Selected Podcast

Depression and Cancer Treatment for Women

Cancer diagnosis and treatment bring myriad other conditions like insomnia, fatigue and cognitive decline. These can lead to mood or anxiety disorders. Dr. David Silver discusses cancer diagnosis and depression in women.
Depression and Cancer Treatment for Women
David Silver, MD
Dr. Silver completed a fellowship in Gyn Oncology at Roswell Park Cancer Institute in Buffalo and his ob-gyn residency at The Union Memorial Hospital in Baltimore. He completed a psychiatry residency at the University of Pennsylvania. To broaden his training, he also obtained a Master’s in Business Administration (Healthcare) at DeSales University in the Lehigh Valley. He earned his medical degree at Thomas Jefferson University’s Sydney Kimmel Medical College in Philadelphia.

Board-certified in Obstetrics & Gynecology and in Gynecologic Oncology, Dr. Silver pursued a busy clinical and academic career in Gynecologic Oncology at institutions including Yale University, Eastern Virginia Medical College, Thomas Jefferson University, University Medical Center of Nevada, and St. Luke’s University Health System.

In his spare time, Dr. Silver enjoys spending time with his family and drawing, especially architectural drawing.

Introduction: Another edition of The Healthier You Podcast from UPMC Pinnacle

Bill Klaproth: Behavioral symptoms such as depression are a common side effect of women going through cancer treatment. These symptoms cause serious disruption in a patient's quality of life and may persist for years following treatment. Here to talk with us about cancer treatment for women and depression is Dr. David Silver, a Gynecologic Oncologist and Women's Behavioral Health expert at UPMC Pinnacle. Dr. Silver, thank you for your time. So when it comes to women and cancer treatment, can you give us a brief run down of the types of behavioral issues or conditions a woman might face?

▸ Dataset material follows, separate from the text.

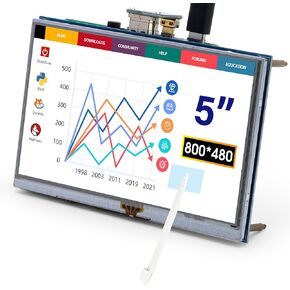 ELECROW 5 Inch Touchscreen for Raspberry Pi Screen 800x480 TFT LCD Screen Monitor Compatible with Raspberry Pi 4 3B+ Black Banana Pi Jetson Nano Windows 11 10 8 7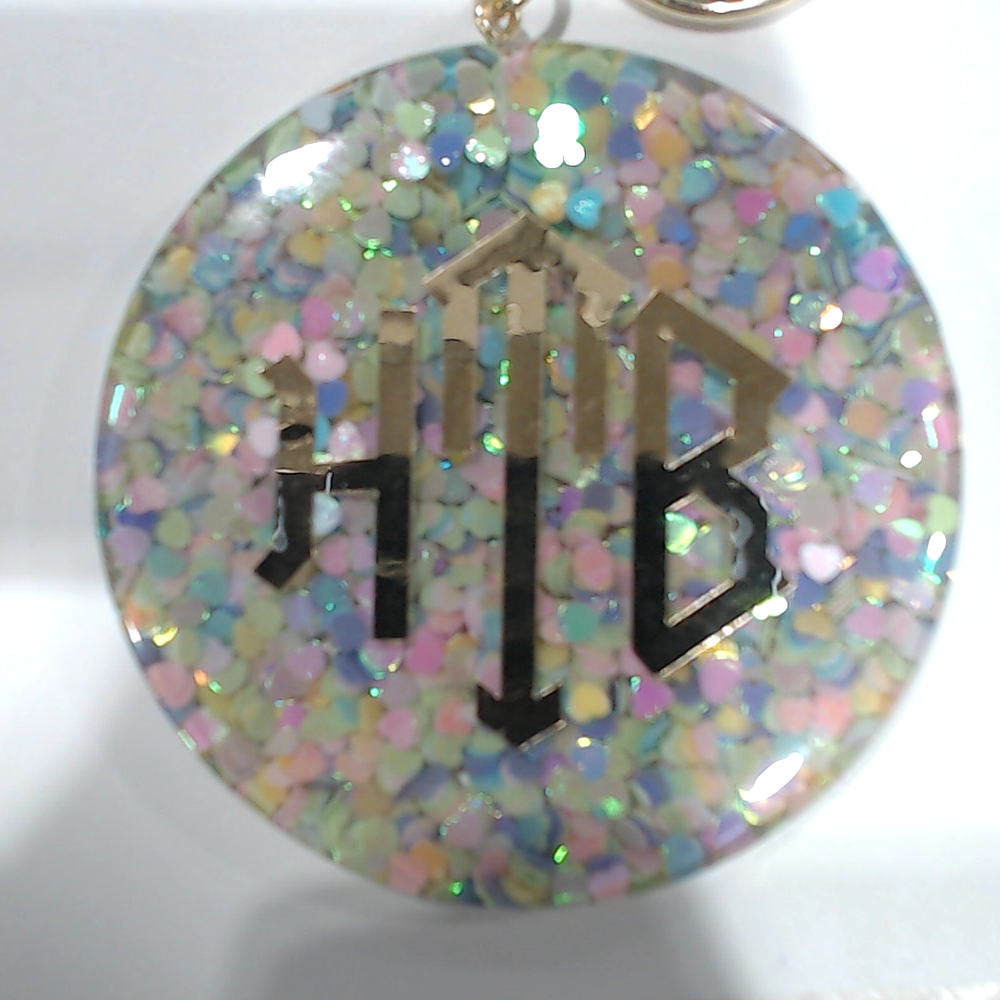 BLOOPER ACCESSORY: Monogrammed Confetti Key Ring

Dr. Silver: Sure. The most common symptom that a woman faces when undergoing cancer diagnosis and treatment is fatigue, but they also have insomnia. They have perceived or real cognitive decline, whether it's related to stress or to their treatments. And all of those things can relate to subsequent mood and anxiety for them.

Host: So a cancer diagnosis has a huge impact on a person. We all know this, the stress of the diagnosis, the treatment, the behavioral issues that you just mentioned and you just said can lead to anxiety and depression. Let's focus on that for a minute. Can you talk about depression and women with cancer?

Dr. Silver: About, 25 to 50% of women who have cancer diagnoses do have depressive symptoms, if not full blown depressive conditioned or diagnosis. These things kind of creep up slowly, are frequently not reported because kind of diagnosis, and when they do affect a woman who's being treated for cancer oftentimes result in problems with completing treatments for their cancer diagnosis. And it does also relate to a decrease outcomes for their cancer treatment.

Host: So this is really an important issue then. And you just said the symptoms creep up slowly and a lot of times are not reported. So what are the signs and symptoms of someone with depression? What should we be looking out for?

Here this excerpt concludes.